EL PELUQUERO DE PICASSO

Estábamos en octubre de 1986 y en Buitrago (Madrid). Habíamos entrado en un museo dedicado a Picasso. Al pronto, nos sorprendieron sus reducidas proporciones. Se trataba  de una sola habitación tabicada por vitrinas que delimitaban pasillos diminutos. Tras los cristales o colgados de las paredes se exhibían objetos que no destacaban por su número. Unas pocas personas charlaban ante uno de ellos, pero apenas concitaron nuestro interés, orientado a ver y comentar la exposición.
   Admiramos un dibujo titulado Retrato de mi madre, una maravilla de expresividad, pese a la aparente sencillez de sus líneas.
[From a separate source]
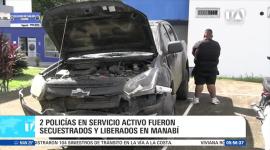 Los agentes realizaban diligencias en Manabí cuando fueron interceptados por delincuentes que exigían 20 mil dólares por su vida. La intervención policial dejó un detenido, además de la incautación de dos armas de fuego, celulares y vehículos. Un reportaje de Calina García.
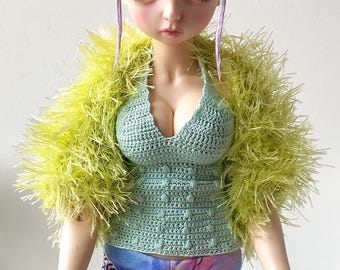 BJD doll shawl sweater, fluffy knitted shrug bolero for Minifee 1:4 scale miniature outfit clothes wear elegant dress MSD MNF clothing Unoa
Nuestro lugar fue ocupado, enseguida que lo dejamos, por el resto de los presentes. Uno llevaba la voz cantante. Era un señor entrado en años, de baja estatura, calvo y muy hablador, o por mejor decir buen conversador, dado lo receptivo que se mostraba ante sus interlocutores, reorientando su disertación cada vez que lo interrumpían con alguna observación o pregunta.
   Estaba contándoles que aquel retrato había viajado mucho. Incluso en China se utilizaba como modelo para la enseñanza de pintores principiantes. Ante tal muestra de saber, cobró para nosotros el personaje una importancia que poco antes no le concedíamos, y que aumentó aún más cuando caímos en la cuenta de que la mujer de la lámina era su madre.
   Él se apellidaba Arias, era oriundo de Buitrago, exiliado tras la guerra y peluquero y amigo de Picasso. En homenaje a su memoria, había reunido todos los recuerdos personales, regalos del artista o que habían tenido que ver con él, y había fundado aquel museo. Desde que lo supimos, ya no nos despegamos del grupo, y lo que antes celebrábamos con un criterio puramente estético adquirió en adelante una dimensión más afectiva y más viva, coloreada por las anécdotas que aquel hombre iba narrando. Gracias a él, reparamos en detalles que nos pasaran desapercibidos, como la imagen de un toro trazada a lápiz y con los tres colores de la bandera republicana, pintada sobre la primera página de un libro.
   Había también una caja de madera, pequeña y llamativa, decorada a fuego por Picasso. Su interior encerraba los útiles de los que se había servido Arias para arreglarle el cabello y rasurarle la barba. Esa cajita tenía una historia sobreañadida.
   Muerto el maestro, unos americanos se presentaron ante el peluquero para decirle que ya habían decidido en EEUU llevársela allí, e incluso el sitio donde la expondrían. Él les contestó cortésmente que formaba parte de sus objetos personales y no estaba en venta. Ellos sacaron un cheque en blanco, lo firmaron y se lo entregaron, convencidos de que no se resistiría a tamaña tentación. Entonces, malhumorado, les respondió que su amistad con Picasso no había dólares en Estados Unidos que la pudieran comprar.
   No serían los únicos que ambicionarían quedarse con alguna de las muestras de afecto obsequio del pintor. El protagonista fue, en otra ocasión, un presidente de la Peugeot. Había acudido a la peluquería de Arias, que este definía, no sin razón, como única en el mundo: desde su sillón, el cliente contemplaba dos cuencos de barro que Picasso había modelado y decorado. No bien lo oyó, el magnate le propuso cambiarle uno por un coche, luego por dos...
   Al escuchar la negativa con que había replicado el barbero, uno de quienes con nosotros le hacían corro, y cuyo acento revelaba su procedencia catalana, lo abrazó, emocionado, y casi le hizo llorar. Cuando poco después, ante un libro sobre el artista, Arias se refirió a que había sido publicado por el hombre que acababa de mostrarle su afecto, descubrimos que teníamos como compañero al editor Gustavo Gili.
   Muchas cosas de la animada conversación con que nos obsequió Arias se me han olvidado. No así una que prueba el talante solidario del autor del Guernica: un pequeño calendario con las efigies de don Quijote y de Sancho salidas de su mano. Su venta subvencionaba actividades de los republicanos españoles exiliados en Francia... 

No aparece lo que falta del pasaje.